Brunetti took a small notebook from the side pocket of his jacket, opened it, and uncapped his pen. 'Your name, Signora?' he asked, careful to speak Italian and not Veneziano, knowing that the more formal and official this interview could be made to seem, the greater would be her pleasure and sense of gratification at finally having made the authorities aware of the many things she had nursed to her bosom all these thankless years.

'Boscarini,' she said. 'Clemenza.' He made no comment and wrote silently.

'And you've lived here how long, Signora Boscarini?'

'All my life’ she answered, equally careful to speak Italian but not finding it at all easy. 'Sixty-three years.'

Emotions or experiences he couldn't imagine made her look at least ten years older than that, but Brunetti did nothing more than make another note. 'Your husband, Signora?' Brunetti asked, knowing that she would be complimented by the assumption that she must have one, insulted to be asked if she did.

'Dead. Thirty-four years ago. In a storm.' Brunetti made a note of the importance of this fact. He looked up again and decided not to ask about children.

'Have you had the same neighbours all this time, Signora?'

'Yes. Except for the Rugolettos three doors down’ she said, giving an angry toss of her chin to the left. 'They moved in twelve years ago, from Burano, when her grandfather died and left them the house. She's dirty, the wife’ she said in dismissive contempt and then, to make sure he understood why, added, 'Buranesi.'

Brunetti grunted in acknowledgement, then, wasting no time, asked, 'Did you know Signora Follini?'

She smiled at this, hardly able to contain her pleasure, then quickly smothered the expression. Brunetti heard a small noise and glanced across at her. It took him an instant to realize that she was actually licking her lips repeatedly, as if freeing them at last to tell the awful truth. 'Yes’ she finally said. ‘I knew her, and I knew her parents. Good people, hard working. She killed them. Killed them as if she'd taken a knife and driven it into her poor mother's heart.'

Brunetti, looking down at his notebook to hide his face, made encouraging noises and continued to write.
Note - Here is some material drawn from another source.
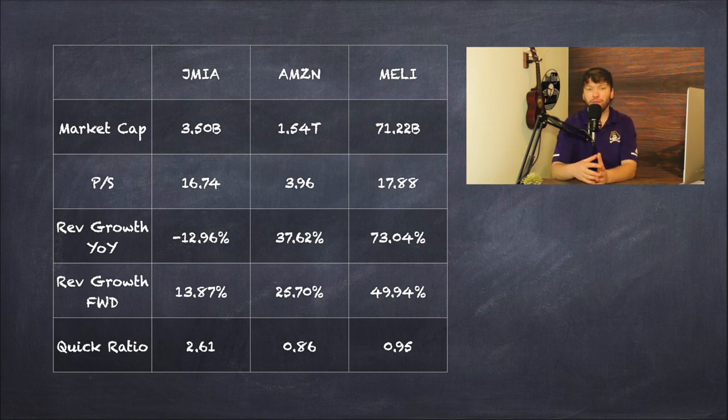These price to sales figures could be a little worrying, as they're very high for what we typically see. Also, the revenue growth year over year is something that concerned me with Jumia given that it's negative — negative 12.96% for Jumia, compared to 37.62% for Amazon and 73.04% for Mercado Libre. I'm aware this is a rapidly growing company that has had to overcome many hurdles with expansion, but having negative revenue growth is not something I always like to see. What does give me some hope is the analyst estimates for revenue growth in the future, which project Jumia actually producing some positive revenue growth — something encouraging that analysts have a positive future outlook for this company.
Again she paused, made the licking noise, then went on. 'She was a whore and a drug addict and brought disease and disgrace on her family. I'm not surprised that she's dead or that she died the way she did. I'm just surprised that it took so long.' She was silent for a moment, and then added, in a voice so unctuous Brunetti closed his eyes, 'God have mercy on her soul.'

Allowing the deity sufficient time to register the request, Brunetti then asked, 'You said she was a prostitute, Signora? While she was here? Was she still?'

'She was a whore when she was a child and a young woman. Once a woman does that sort of thing, she's defiled, and she never loses the taste for it.' Her voice reflected both certainty and disgust. 'So she must have been doing it now. That's obvious.'

Brunetti turned a page, mastered his expression, and looked up with an encouraging smile. 'Do you know anyone who might have been her client?' He saw her begin to answer, then think of the consequences of false accusation and close her mouth.